The governance structure of DB consolidation vehicles, its regulatory framework, and the extent of levies charged against it will also need to be discussed, the paper added.

“There is a delicate balance to be struck. If the legislative framework is too restrictive, then the consolidator vehicles may not be commercially viable but if the vehicle is under-protective of members, then the risks to members’ benefits will be unacceptable,” it said.

The DWP also stated that member benefit simplification could be advantageous to schemes hoping to consolidate, but the department is “not yet convinced” that any legislative change that allowed trustees to simplify members’ benefits without consent, potentially overriding scheme provisions, is justified.

The paper also stated that there are already several different options available for DB schemes to consolidate, namely through shared administrative services, asset pooling, fiduciary management and DB master trusts.

However, there is a limited uptake of existing methods of consolidation, possibly due to an established practice of trusteeship and sponsorship wanting to retain full control of a scheme, regardless of the potential cost savings and increased security to members.

Therefore the DWP will be consulting this year on a new accreditation regime that could help build confidence and encourage existing forms of consolidation. It will also work with The Pensions Regulator to raise awareness of the benefits of consolidation with trustees and sponsoring employers, through, for example, the regulator’s Trustees Toolkit, and by updating guidance. In addition, the Chair’s Statement could require schemes to consider whether consolidation would be beneficial under certain circumstances.
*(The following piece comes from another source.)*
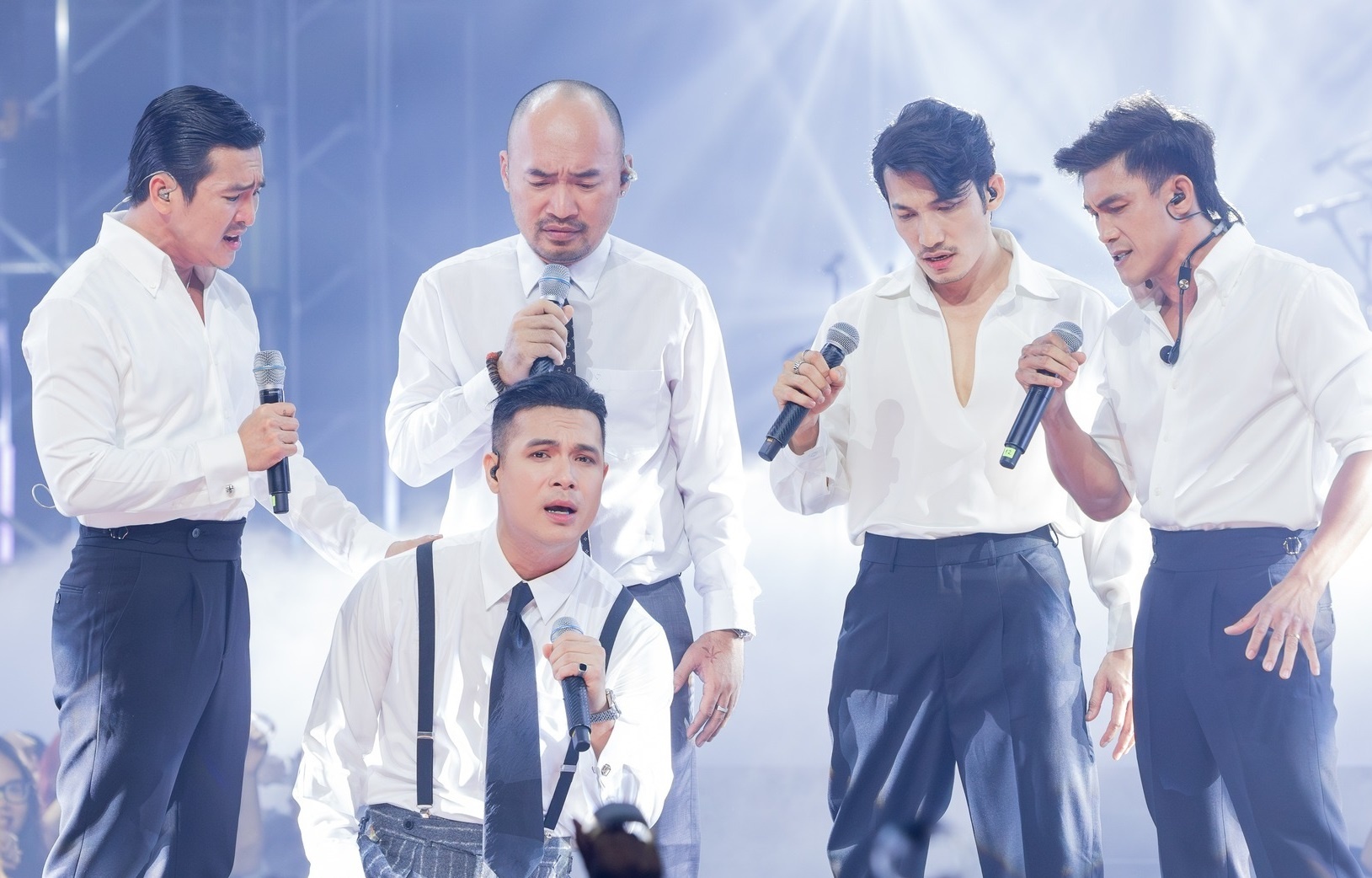 Ai thay doi Tu Long, Tien Luat va cac anh tai? hinh anh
Commenting on the DB consolidation proposals, Hargreaves Lansdown head of policy Tom McPhail stated that “if we can end up with fewer, bigger, better-un schemes then all stakeholders including members, regulators and employers are likely to benefit”.

The Pensions and Lifetime Savings Association director of external affairs, Graham Vidler, was pleased to see that the White Paper takes forward the work on consolidation developed by the PLSA’s DB Taskforce over the past two years. “There is a growing body of evidence that consolidation in its many guises could provide the benefits of scale for those schemes that choose to consolidate,” he added.

Broadstone technical director David Brooks noted that "the government has bought into the commercial consolidation idea in a big way with a good summary of some of the challenges to make an insurance scheme-lite framework.

However, "the challenges are clearly still significant and this solution is a few years aware from fruition", he added.

“While it is great that the government is planning to consult on a framework for consolidation, the reality is that we don’t need legislative change for more innovation to happen”, Hymans Robertson partner Calum Cooper said. “The creation of an accreditation regime will undoubtedly help to build confidence in consolidation as an option, encouraging more schemes to look for ways to benefit from scale.”

Echoing this sentiment, Redington managing director, integrated actuarial, Marian Elliot, highlighted that “flexibility to ‘reshape’ member benefits is helpful to consolidation but this was never the real barrier – clear benefit structures and well-defined member data have allowed consolidation even before the new powers were introduced”.

Creating a framework that allows capital to be injected in to pension schemes to increase the chances of paying pensions, whilst also generating returns for the capital providers, should result in a much higher change of members in ‘distressed schemes’ receiving their full pensions, she added. “This structure would only really be possible with sufficient scale – by aggregating several pension schemes – and so the consultation on these frameworks is welcome.”

However, a “significant barrier” will be the quality of scheme data and the systems on which the data is held, Elliot noted, along with the need for caution regarding potential issues of misuse and unintentional pressure to consolidate.